Army Of Thieves Filmi, üç ana bölümden oluşuyor. Giriş bölümünde sebastianın ekibe katılmadan önceki daralmış hayatına değiniyorlar. Orta bölümde ise; git gide aksiyonun dozunu arttıran sahneler izliyorsunuz. Bu sahnelerde ilk olarak kolay olan kredi kooperatifindeki kasanın soyulması, ardından daha zor olan bankadaki kasanın, en son olarak da İsviçre’de bulunan kumarhanedeki kasanın soyulması yer alıyor. Sonuç bölümünde ise; işlerin aksiyon dozunu, peşlerinde olan İnterpol polis ve ekibin dağılan üyeleriyle arttırıyorlar.
Sebastian abartılı bir tip olsa da bu filmde çok fazla gözüme çarpmadı. Her kasanın anahtarının hikayelerinde saklı olması da güzel ayrıntılardı. Sonuç bölümünde; ekipte bulunan ikinci adamı kötü gösterme çabalarına ve sonda yapılan yüzleşmeye anlam veremedim. Bence gereksiz sahnelerdi.

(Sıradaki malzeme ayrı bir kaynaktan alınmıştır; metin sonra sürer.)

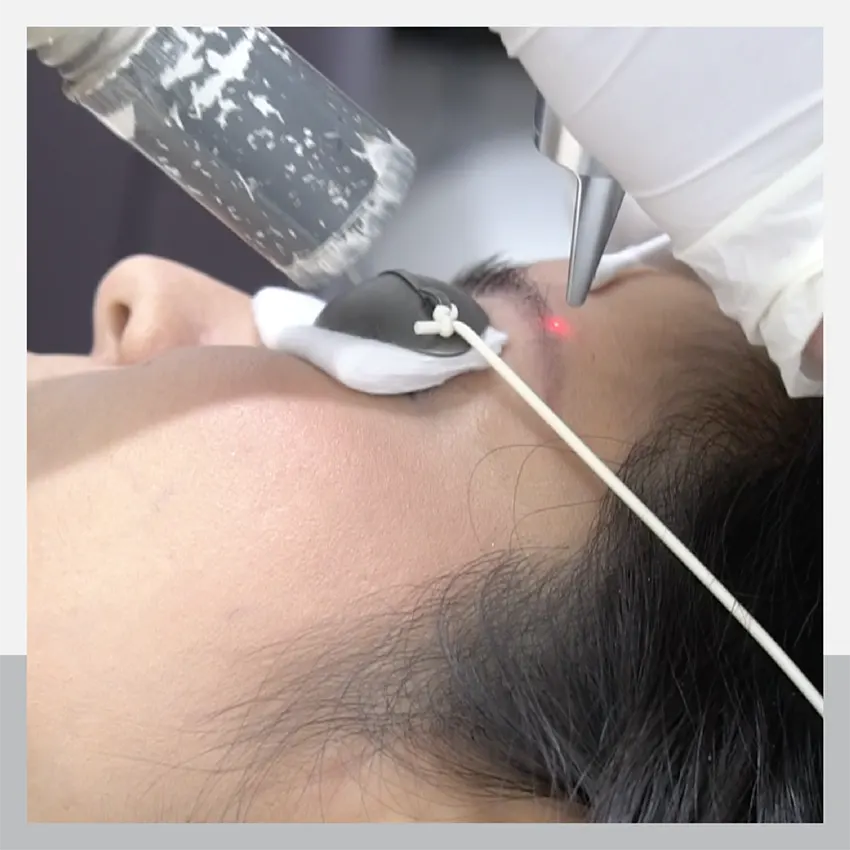 ลบรอยเพ้นท์คิ้วแบบผิวไม่พัง ต้องที่ Adenaa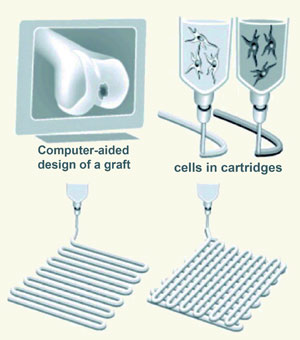 Printing organs with hydrogels
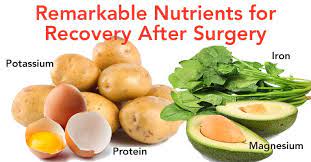 How to recover from surgery faster. Top 10 Foods To Eat After Surgery To Promote Healing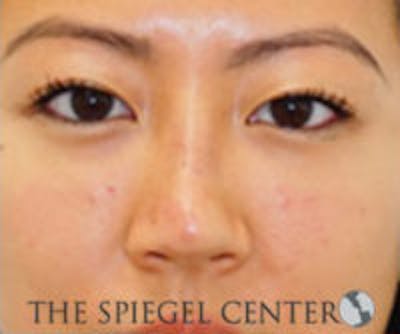 Non-Surgical Rhinoplasty / Nose Filler Before & After Gallery - Patient 298614 - Image 1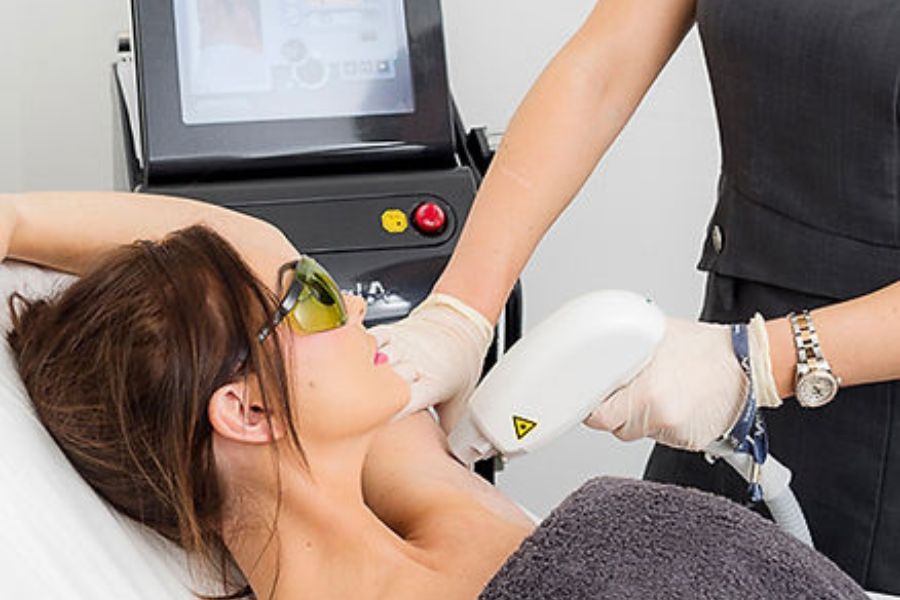 Soprano Ice Hair Removal at Skinoza Clinic: A Superior Choice in Orpington, Bromley, and Kent!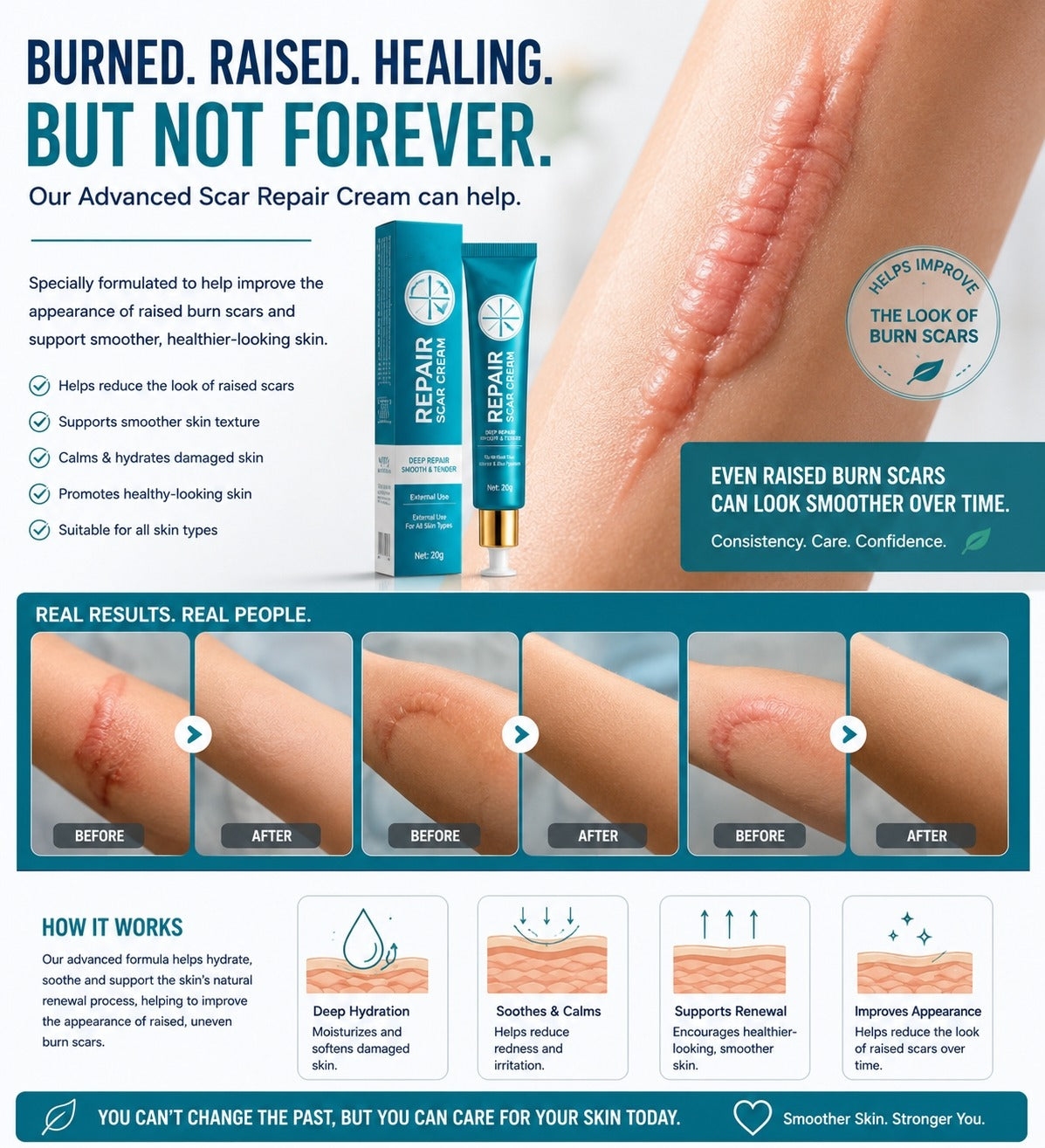 Raised burn scar care and results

Filmin ilk sahnelerinde, Las Vegasta gerçekleşen zombi istilası ile ilgili haberlerin çıkması ve Sebastian’ın rüyalarında, bir kasanın içerisinde zombilerle boğuşurken kendini görmesi hoşuma gitti. Çünkü o sahneler yaşanmış sahnelerdi yada yaşanacak. Hırsızlar ordusunun son sahnesi ölüler ordusunun ilk sahnesiyle sona eriyor. Sebastian’a o kumarhanedeki açılması neredeyse imkansız kasayı açma fırsatı sunduklarında.

Army of Thieves filminin sonunda Sebastian; Amerikaya kaçmak için gerekli olan sahte kimliğini eline aldığında, orada adının Ludwıg Dieter yazdığını görür ve ölüler ordusu filmde o ismiyle tanınır. Kısacası film, basit bir banka memuru Sebastian’ın, Ludwig Dieter olma hikayesini anlatıyor.